When you couple mulching with the application of soil amendments and fertilizers you can actually help to speed up the rate at which the amendments and fertilizers become bio-available by adding a mulch layer. Adding a mulch layer after the application of organic fertilizers will increase the microbial activity at the soil surface, thus the microbes and soil critters, will digest the fertilizer faster, making the nutrients available to the plants quicker than if you hadn't applied a mulch layer.

Conserving water is a huge factor that the agriculture industry is going to have to deal with when it comes to growing crops. In organic production, adding a layer of mulch can help slow the evaporation of moisture from the soil. By doing this it will also keep the top layer of soil from drying out, and becoming hard or compacted. This will give the plants more healthy soil to grow in and less stress to deal with. A mulch layer will not only conserve water, but it can help slow down rains so that they soak up into the soil instead of running off the side of the field, or container. This means leaching will be slowed, and or stopped and less nutrients will be needed for each seasons crops.
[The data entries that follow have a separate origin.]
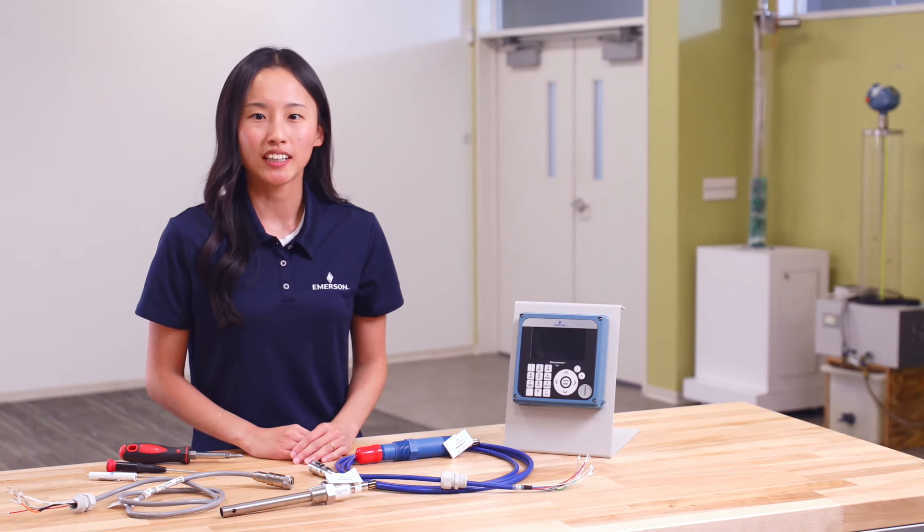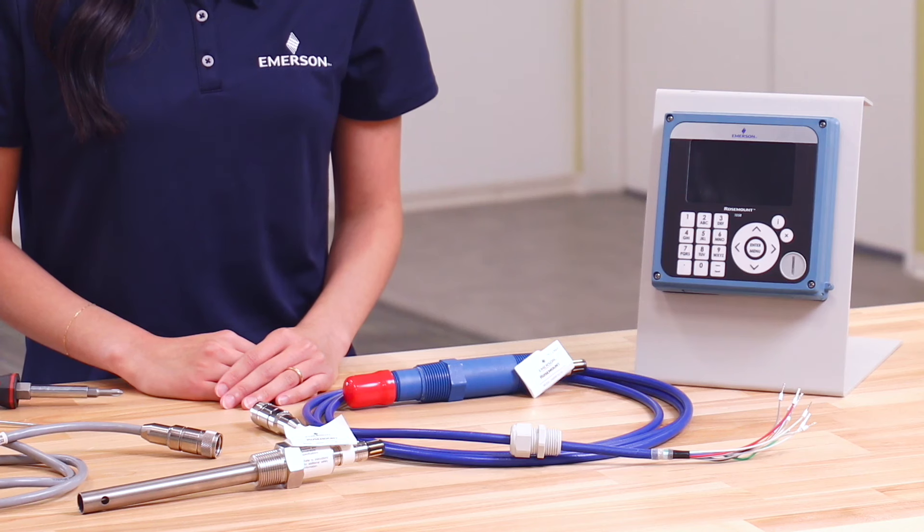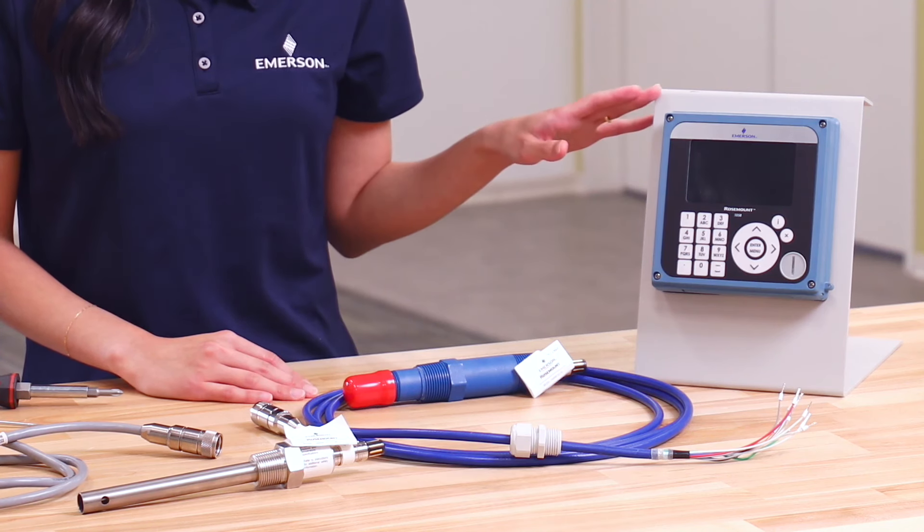Hi, my name is Rachel Zhang and I'm a Global Product Manager for Liquid Analysis at Emerson. Today I will take you through how to connect a Rosemount PH/ORP sensor and contacting conductivity sensor to a Rosemount 1058 dual channel transmitter.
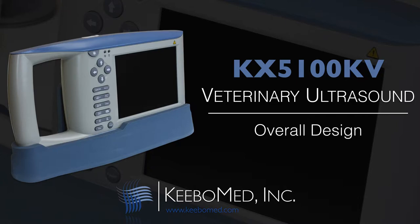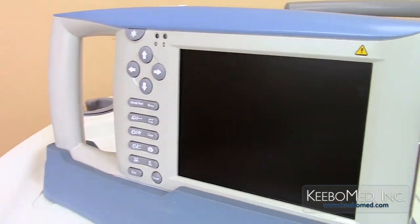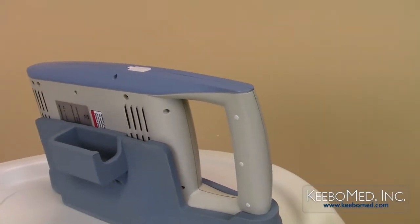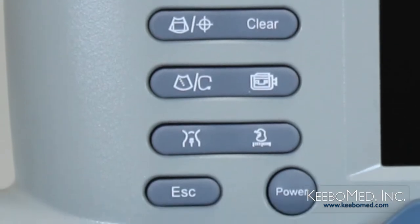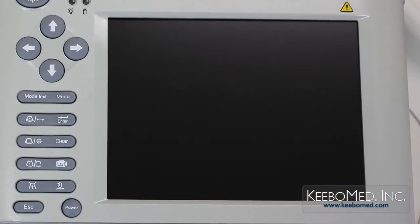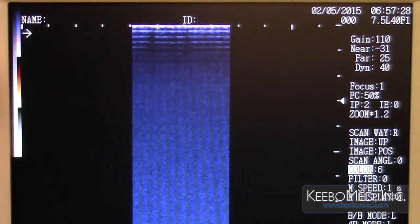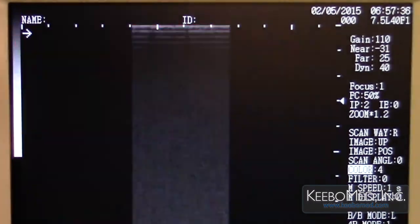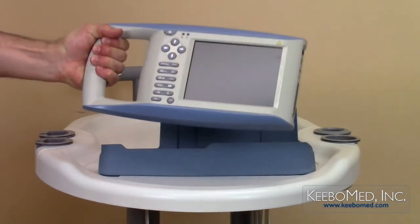The overall design of the 5100KV highlights the purpose of this system in being a highly portable handheld ultrasound that is easy to use. The simple design includes a small set of functional keys to easily operate the system. It features a large LCD screen size of 6.4 inches that produces good image quality, with color capabilities producing 8 pseudo colors including black and white. It has a strong integrated carrying handle and is very lightweight.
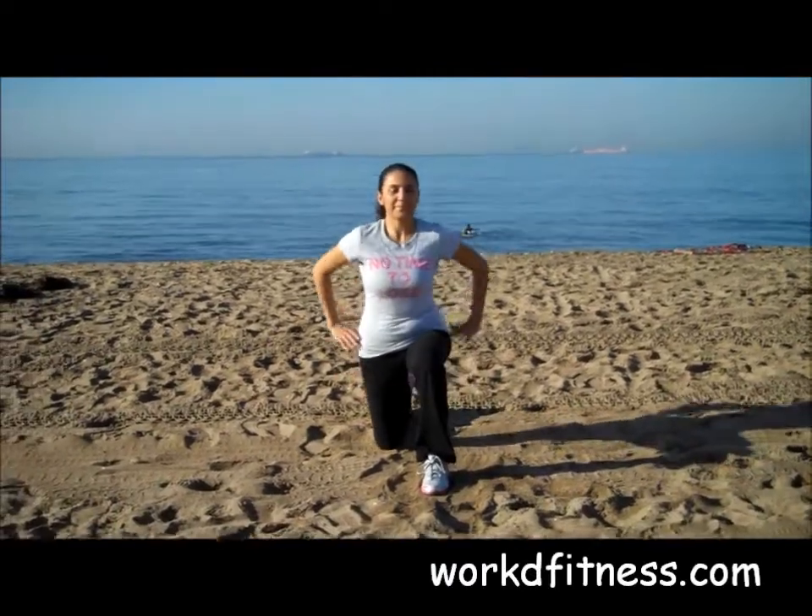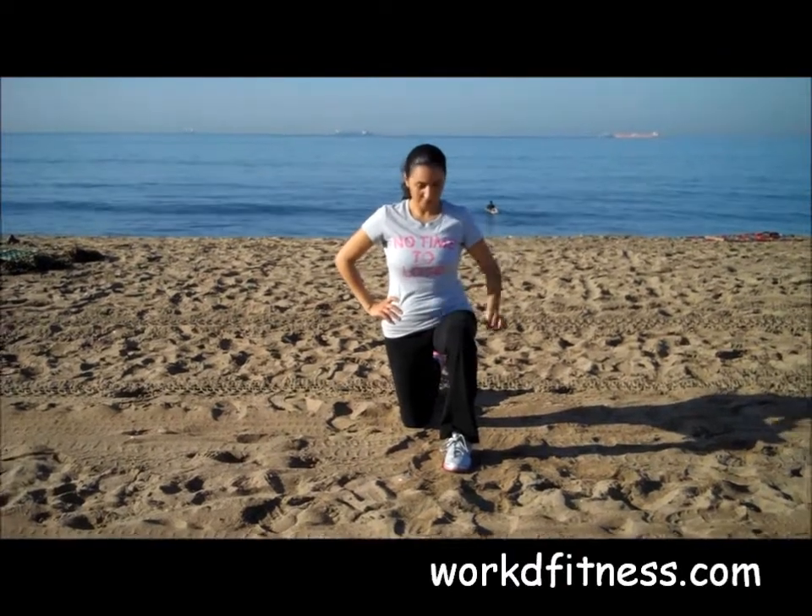So Mariana here is going to go ahead and kneel down. It basically looks like this, like you're kneeling down. The only difference is your knee will not be touching the ground.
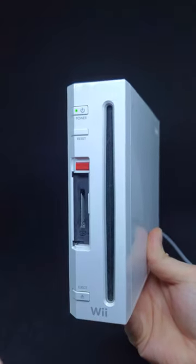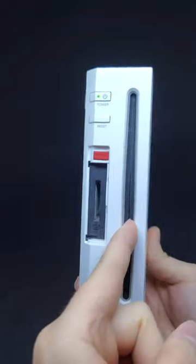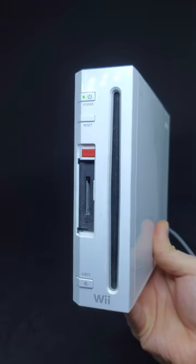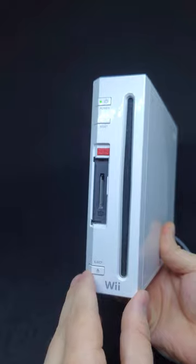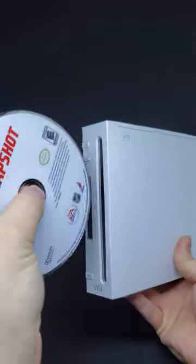One thing you can always count on when thrifting is that you'll find a Nintendo Wii. This one here is missing its memory card cover, but I did notice there was a game in here, so I thought it'd be fun to find out what it is with you guys. Let's hit eject. And it is NHL Slapshots.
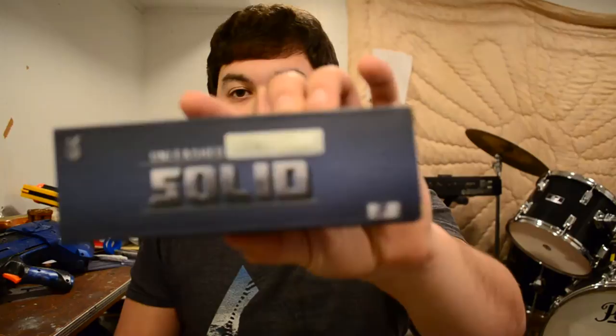Hey everyone, I'm Jay, and I'm slowly crawling my way out of my creative slump. I'm trying to get back into things, and I am very happy to say that I have received the Unleashed Solid Kit for the Long Shot.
Suppressing weeds in agriculture is typically done with machinery scraping through rows, or via chemical sprays like round-up. By using thick seed free mulch layers you can naturally suppress the growth of weeds without the use of any chemicals or extra labor. Weeds can compete for nutrients in the soil, take much needed water, and be vectors for pests and disease. By mulching you suppress the weeds, and also extend the amount of soil is available for the plants roots to grow into, as well as increasing the available biology in the soil.

Adding in organic matter to natural soil can help the texture, and increase performance of said soil. The mulch layer will begin to be invaded by micro-organisms, and insects and start to be broken down on the soil layer. This increased activity will naturally till your soil via insects and soil biology and improve the overall health of your soil.

A mulch layer can be made up of many different inputs. Commonly used are hays, and straws made from grasses. Bermuda hay, alfalfa hay, barley, etc, are all very good options to use as a mulch layer. They are readily available, and the cost is minimal. Using locally sourced waste products can help to clean up the environment, save you money, and help your garden. Things like rice hulls, pecan shells, cotton hull waste, etc.. can be sourced from local manufacturers and purchased or even procured free.

Adding a mulch layer to any organic garden can bring many benefits, which will easily out way the cost. Just make sure that the mulch layer is seed free, and also won't throw off the balance of the soil nutrients or biology. Grasses and straws are always a safe pace to start.